With the engine set up in the jig, the next step is to bend, shape and weld the tubes that make up the Enigma 1050 chassis. These are the materials and processes involved.
Tigcraft have chosen T45 tubing for the Enigma 1050 chassis. The wall thickness of the tube is 16 SWG (Imperial Standard Wire Gauge) which equals 1.626mm. The sheer mass of the engine makes substantial tube necessary. T45 is a cold drawn, seamless tube. The cold drawing process involves taking manufactured tube then drawing it through a die to produce the required diameter and wall thickness. Cold drawing results in dimensionally precise tube with a good surface finish. The process of cold drawing alters the crystal structure of the metal in such a way that the strength of the material is increased.
T45 tube is made from an alloy of steel, carbon and manganese. It has a high strength to weight ratio and, unlike chrome molybdenum steel, does not require heat treatment after welding. T45 tubing is used extensively for bicycle frames, racing car chassis and, of course, motorcycle frames. It is also used widely in the aircraft industry.
Dave Pearce of Tigcraft reckons that the Stakesys Hole Saw Tube Notcher is the best two hundred quid he’s ever spent on a piece of tooling. When you join two pieces of tube, they have to meet precisely and this is where the notcher comes in.
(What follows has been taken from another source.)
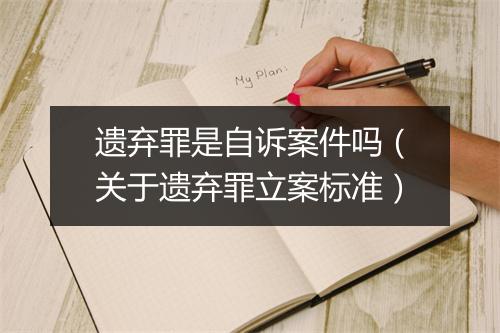 遗弃罪是自诉案件吗（关于遗弃罪立案标准）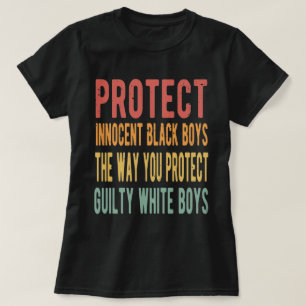 Protect innocent black boys the way you protect  T-Shirt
“You can use a file and a hacksaw to achieve the same result,” says Dave, “But it takes forever and you end throwing a lot of tube away when you get it wrong.”
To use the notcher, you select a hole saw of the same diameter as the tube you want to prepare, set the angle of the tool to the work to the same as the angle of the tubes to be joined then cut the notch. The tool is powered by an electric drill. The shaft which holds the cutter rotates on needle roller bearings in a substantial aluminium alloy housing which ensures both accuracy and longevity.
TIG welding (Tungsten Inert Gas) is the best method for joining tubes on a motorcycle frame. As the diagram shows, the heat is provided by a tungsten electrode which completes an electrical circuit with the material to be welded. An inert gas (usually but not always Argon) is fed to the weld area through the housing which holds the tungsten electrode. The gas ensures that no oxygen can reach the joint which results in a pure, strong weld. Filler rod is fed manually into the molten pool to complete the joint. The temperature of the arc can reach as much as 3000°C which is some way below Tungsten’s melting point of 3410°C.
Compared to braze welding (also know as bronze welding) TIG adds less metal to the construction and is, therefore, lighter. Dave Pearce reckons that a couple of kilos can be saved by using TIG instead of braze welding.